Amédée J. Ozenfant was born on April 15, 1886, in Saint-Quentin, France. At age fourteen he began painting, and in 1904 he attended the École Municipale d'Arts Quentin-La Tour in Saint-Quentin. The following year he moved to Paris, where he entered an architecture studio. At this time, he also studied painting with Charles Cottet at the Académie de la Palette, where he became a friend of Roger de La Fresnaye and André Dunoyer de Segonzac.

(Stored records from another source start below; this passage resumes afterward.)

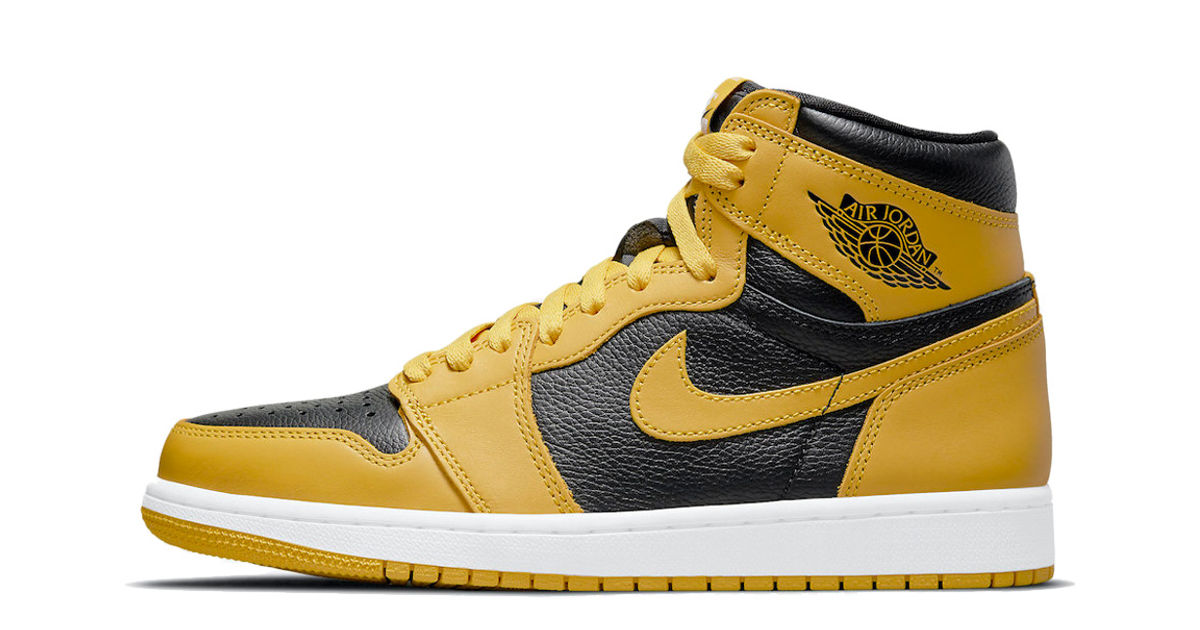 シューズ(男性用) Nike Air Jordan 1 High OG Pollen Jordan 1 High OG Pollen | Where To Buy | 555088-701
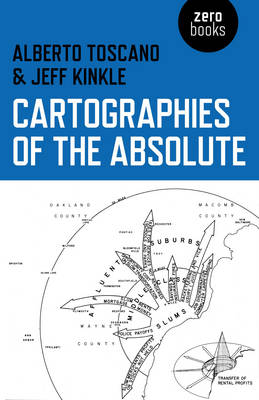 Book cover for Cartographies of the Absolute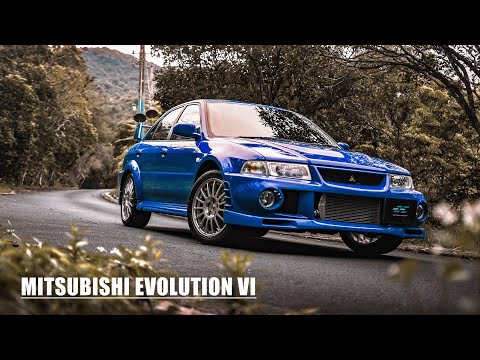 Видео: Реставрация Mitsubishi Lancer Evolution VI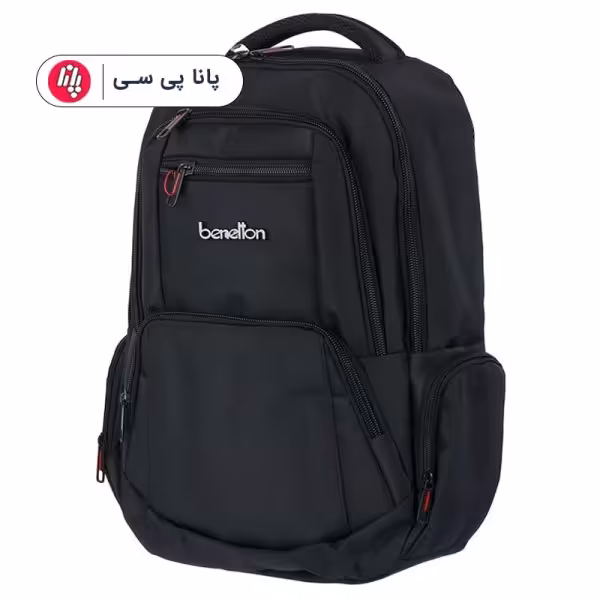کوله پشتی لپتاپ Benetton B087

Ozenfant’s first solo exhibition was held in 1908 at the Salon de la Société Nationale des Beaux-Arts. In 1910 he contributed works to the Salon d’Automne and in 1911 he participated in the Salon des Indépendants. From about 1909 to 1913 he made trips to Russia, Italy, Belgium, and the Netherlands and attended lectures at the Collège de France in Paris. In 1915 Ozenfant founded the magazine L’Elan, which he edited until 1917, and began to formulate his theories on Purism. In 1917 the artist met the Swiss architect and painter Charles-Edouard Jeanneret (Le Corbusier); together they articulated the doctrines of Purism in their book Après le Cubisme (1918). Its publication coincided with the first Purist exhibition, held at the Galerie Thomas in Paris, in which Ozenfant was represented. Ozenfant and Le Corbusier collaborated on the journal L’Esprit nouveau, published from 1920 to 1925.

Ozenfant participated in the second Purist exhibition at the Galerie Druet, Paris, in 1921. In 1924 he and Fernand Léger opened a studio in Paris, where they taught alongside Alexandra Exter and Marie Laurencin. Ozenfant and Le Corbusier wrote La Peinture moderne in 1925. During that year Ozenfant exhibited at the controversial Pavillon de l’Esprit Nouveau at the Exposition des arts décoratifs in Paris. The artist was given a solo show at Galerie L. C. Hodebert, Paris, in 1928. His book, Art, was published in French in 1928; an English edition appeared as The Foundations of Modern Art in 1931. Ozenfant taught at the Académie Moderne in 1929 and founded the Académie Ozenfant in 1932. From 1935 to 1938 he operated the Ozenfant Academy in London. From 1939 to 1955 he taught at the Ozenfant School of Fine Arts in New York. A solo show of his work was held at the Arts Club of Chicago in 1940. Ozenfant taught and lectured widely in the United States until 1955, when he returned to France. Ozenfant died in Cannes on May 4, 1966.